By Noel Young, Correspondent

December 12, 2014 | 3 min read

Vinyl records have made a big comeback in the US in 2014, with more than eight million sold this year, up 49 per cent from the same period last year.

The buyers are younger people, who choose the old-fashioned records because of, among other things, the perceived superior sound quality of vinyl, according to the Wall Street Journal (WSJ).

However, the WSJ has pointed out that one problem major problem is that while new LPs hit stores each week, “the creaky machines that make them haven’t been manufactured for decades”.

Just one company supplies an estimated 90 per cent of the raw vinyl needed by the industry. America’s 15 or so still-running factories that still press records face daily challenges with breakdowns and supply shortages.

Robert Roczynski ’s dozen employees work overtime at a small factory in Hamden, Connecticut, making parts for US record makers struggling to keep abreast of the revived interest in LPs.

His firm says orders for steel moulds, which give records their flat, round shape, have tripled since 2008.

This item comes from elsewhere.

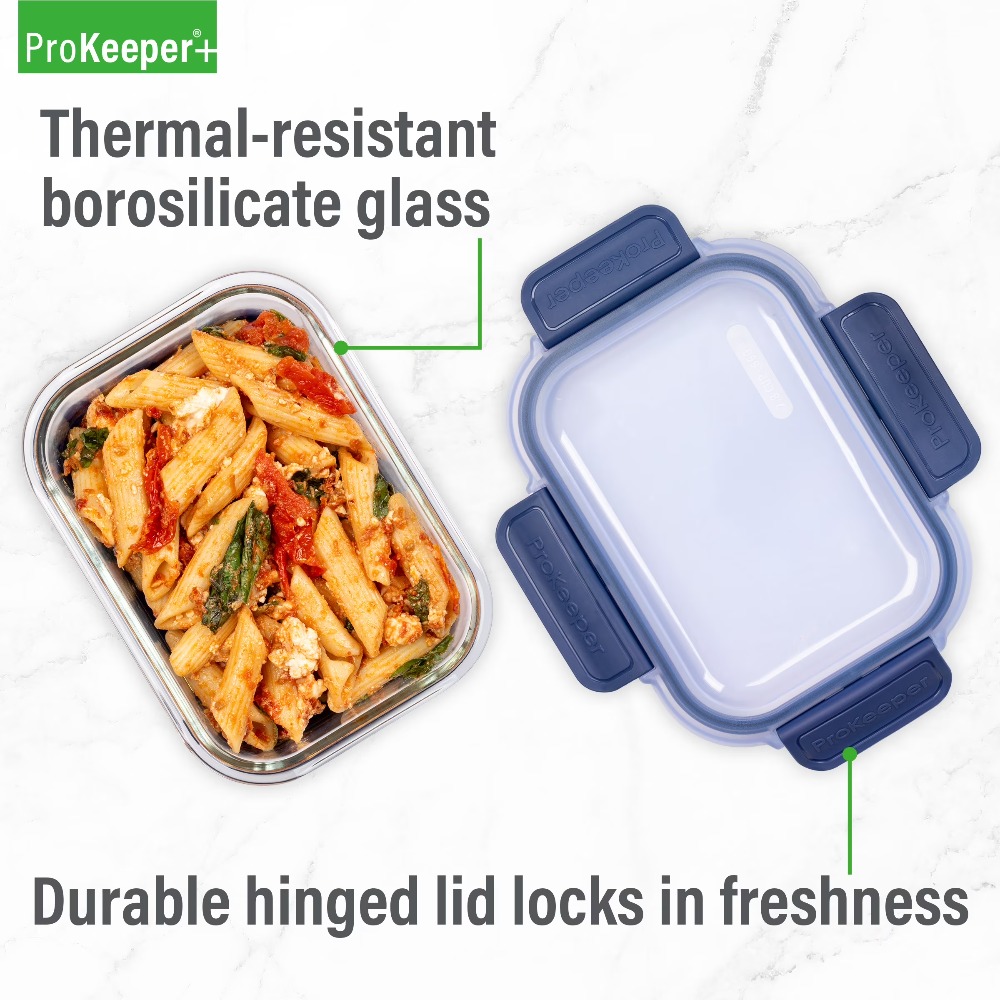 Wadah Penyimpanan Makanan Kaca - Glass Meal Prep Container ulasan dan harga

“They’re trying to bring the industry back, but the era has gone by,” said Roczynski, 67 years old, president of Record Products of America, one of the country’s few suppliers of parts for the industry.

Many producers including the largest, United Record Pressing in Nashville, are adding presses.

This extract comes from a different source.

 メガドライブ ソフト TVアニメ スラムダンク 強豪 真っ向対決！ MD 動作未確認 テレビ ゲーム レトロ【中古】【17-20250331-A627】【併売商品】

But entrepreneurs still haven’t moved to inject capital and confidence into this largely artisanal industry, according to the WSJ.

“Investors aren’t interested in sinking serious cash into an industry that represents 2 per cent of US music sales.”

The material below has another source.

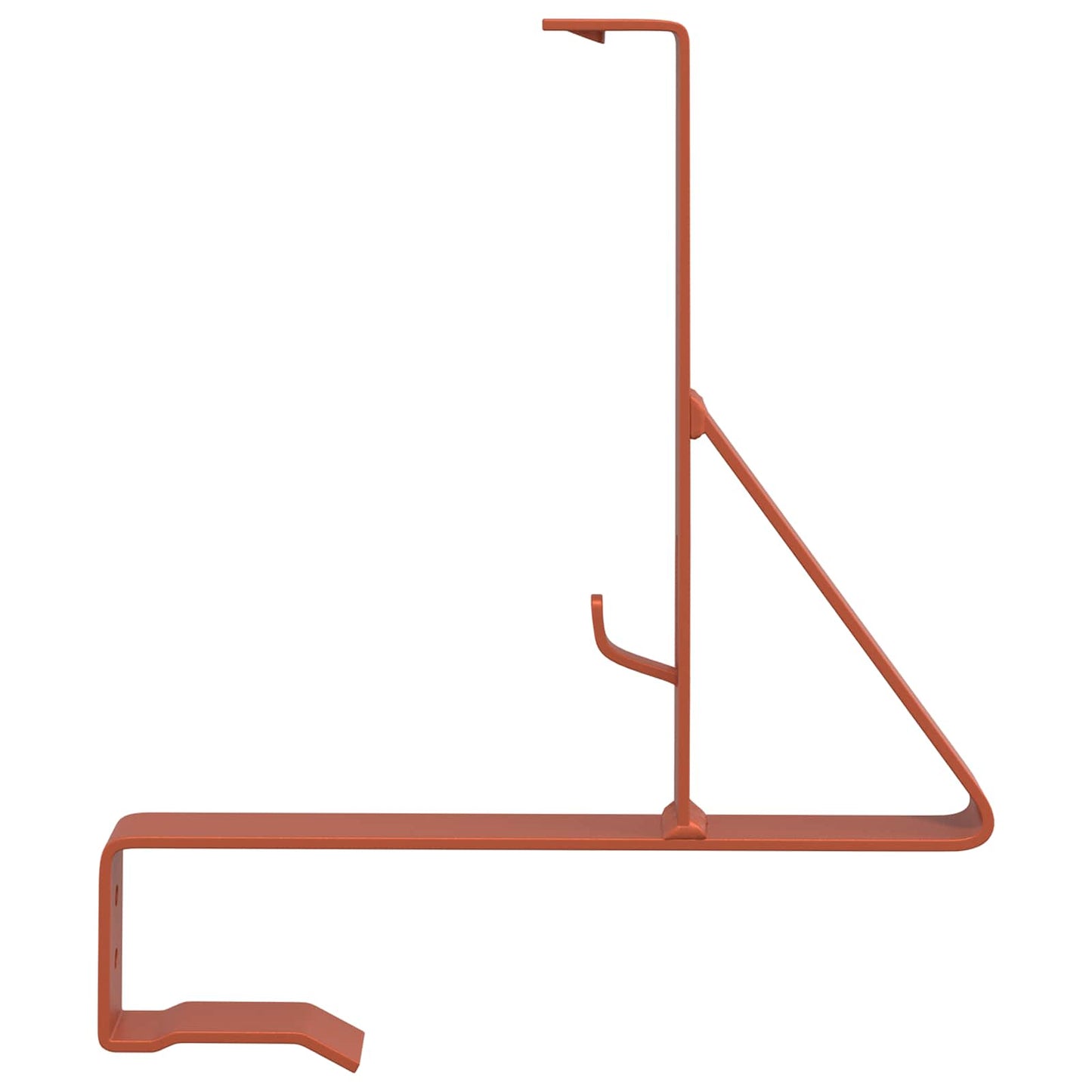 Snow Guard Support 12 pcs Red 29.5 x 3 x 34.5 cm Steel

Record labels are waiting months for orders that used to get filled in weeks. Pressing machines produce only around 125 records an hour. Record factories are running their machines so hard—sometimes around the clock—they have to shell out increasing sums for maintenance and repairs.

Large orders from superstars create bottlenecks, while music fans search the bins in vain for new releases by French electronic duo Daft Punk or The War on Drugs, a Philadelphia indie group.

More requests for novelty LPs — multi-colored, scented, glow-in-the-dark — add to the problems.

To get more machines, record-plant owners have been scouring the globe for mothballed presses, snapping them up for $15,000 to $30,000, and paying down even more to refurbish them.